---------- Entries provided ----------
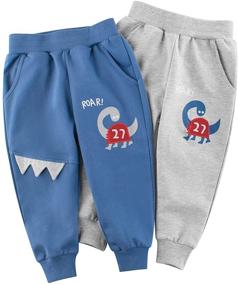 img 2 attached to 👖 Top-Quality Boys' Cotton Sweatpants Joggers - Perfect Casual Playwear Pants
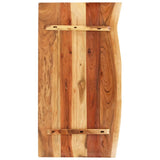 Bathroom Vanity Top Solid Acacia Wood 100x52x2.5 cm 286321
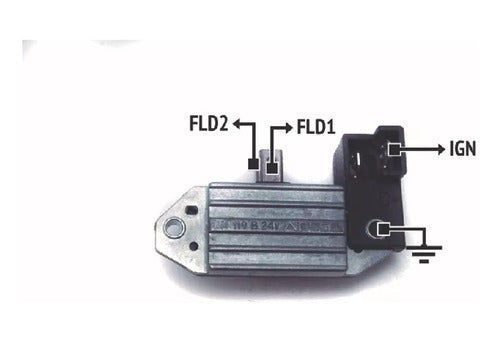 Magneti Marelli Regulator De Voltaje Alternador T.m.marelli Rm 119 B 0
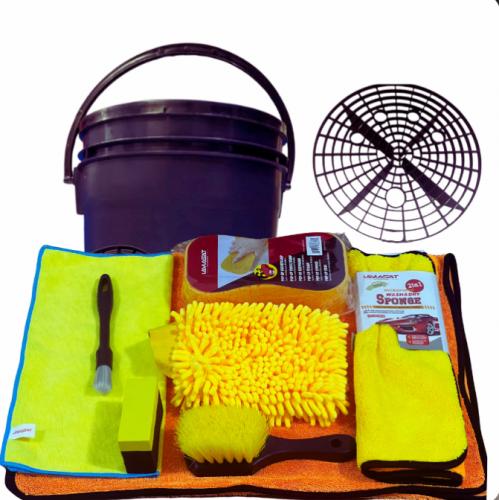 مجموعة أدوات غسيل وتنظيف السيارة الاحترافية 9 قطع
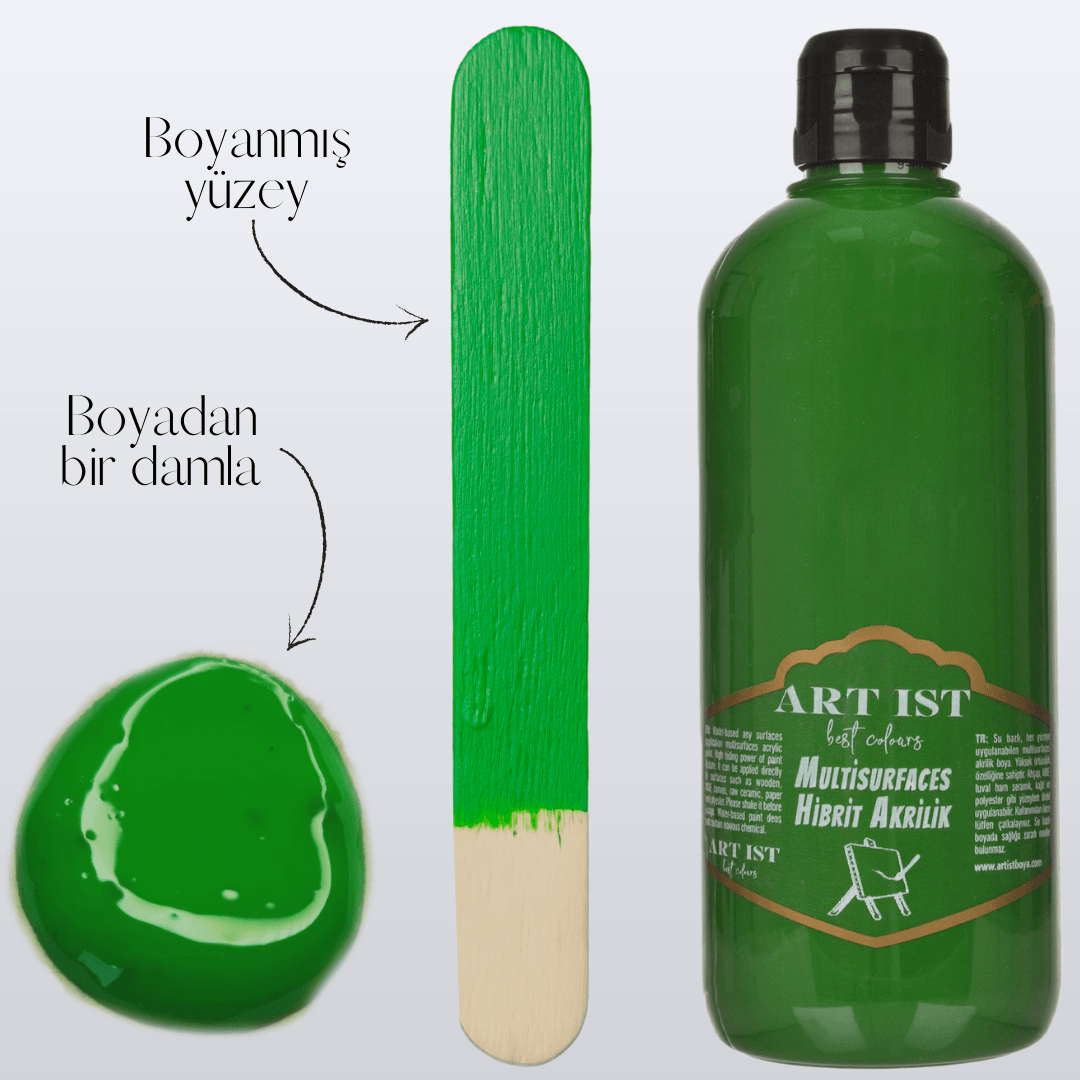 Multisurfaces Hibrit Akrilik Boyalar - ART IST Boya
----------
▶ Problem to work on: Repeat the listing verbatim, pictures excluded.

▶ Answer space:
 img 2 attached to 👖 Top-Quality Boys' Cotton Sweatpants Joggers - Perfect Casual Playwear Pants
 Bathroom Vanity Top Solid Acacia Wood 100x52x2.5 cm 286321
 Magneti Marelli Regulator De Voltaje Alternador T.m.marelli Rm 119 B 0
 مجموعة أدوات غسيل وتنظيف السيارة الاحترافية 9 قطع
 Multisurfaces Hibrit Akrilik Boyalar - ART IST Boya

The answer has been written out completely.